Our package cpsurvsim allows users to simulate data from a both the exponential and Weibull hazard models with type I right censoring allowing for multiple change-points (Hochheimer 2021). cpsurvsim provides two methods for simulating data, which are introduced in the following section. The first method draws on (Walke 2010), using the inverse hazard function to simulate data. The second employs the memoryless simulation method, the details of which are also discussed in the next section. We then demonstrate how to simulate data using cpsurvsim and compare the performance of these methods through a simulation study with the motivation of enabling users to determine which method is best for their data.

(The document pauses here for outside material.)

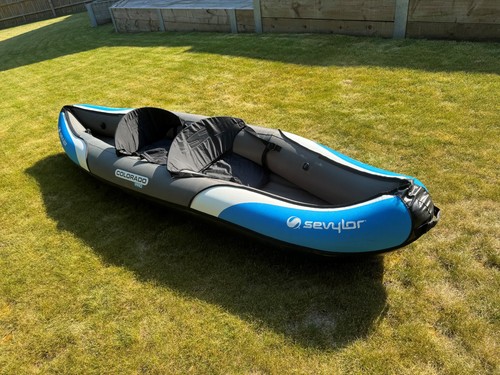 Sevylor colorado pro person - sevylor,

2 Simulating data from popular change-point hazard models

The piecewise exponential model with multiple change-points \((\tau_k, k=1,\ldots,K)\) can be expressed as \[\begin{aligned} f(t)=\begin{cases} \theta_1\exp\{-\theta_1t\} & 0\leq t<\tau_1\\ \theta_2\exp\{-\theta_1\tau_1-\theta_2(t-\tau_1)\} & \tau_1\leq t <\tau_2\\ \vdots\\ \theta_{K+1}\exp\{-\theta_1\tau_1-\theta_2(\tau_2-\tau_1)-\ldots-\theta_{K+1}(t-\tau_K) \} & t\geq\tau_K \end{cases}\label{exponential pdf} \end{aligned} \tag{1}\] with corresponding hazard function \[\begin{aligned} h(t)=\begin{cases} \theta_1 & 0\leq t<\tau_1\\ \theta_2 & \tau_1\leq t <\tau_2\\ \vdots & \vdots \\ \theta_{K+1} & t\geq\tau_K. \end{cases} \label{exponential hazard} \end{aligned} \tag{2}\] We draw on the work of (Walke 2010) in that we use the inverse hazard function to simulate survival time \(t\). (Walke 2010) uses a baseline hazard and relative hazards to simulate each time interval between change-points, whereas our simulation is based on the value of the scale parameter (\(\theta_i, i = 1,\ldots, K+1\)) corresponding to each interval as specified by the user. Starting with the relationship between the cumulative density function (CDF) and the cumulative hazard function (\(F(t)=1-\exp(-H(t))\) where \(H(t)=\int h(t)dt\)) and noting that \(F(t)=U\) where \(U\) is a uniform random variable on (0,1), we derive \(t=H^{-1}(-\log(1-U))\). Seeing as \(x=-\log(1-U)\sim Exp(1)\), we can simulate random variables from the exponential distribution and plug them into the inverse hazard function to get simulated event time \(t\). With this in mind, the inverse cumulative hazard function for the exponential change-point hazard model with four change-points is \[\begin{aligned} H^{-1}(x)=\begin{cases} \frac{x}{\theta_1} & 0\leq x<A\\ \frac{x-A}{\theta_2}+\tau_1 & A\leq x<A+B\\ \frac{x-A-B}{\theta_3}+\tau_2 & A+B\leq x <A+B+C\\ \frac{x-A-B-C}{\theta_4}+\tau_3 & A+B+C\leq x<A+B+C+D\\ \frac{x-A-B-C-D}{\theta_5}+\tau_4 & x\geq A+B+C+D \end{cases} \end{aligned}\] where \(A=\theta_1\tau_1\), \(B=\theta_2(\tau_2-\tau_1)\), \(C=\theta_3(\tau_3-\tau_2)\), and \(D=\theta_4(\tau_4-\tau_3)\). In cpsurvsim, this method of simulating time-to-event data is considered the CDF method. An end-of-study time horizon (or maximum measurement time) is specified by the user and all simulated event times with values greater than the end time are censored at that point (type I right censoring).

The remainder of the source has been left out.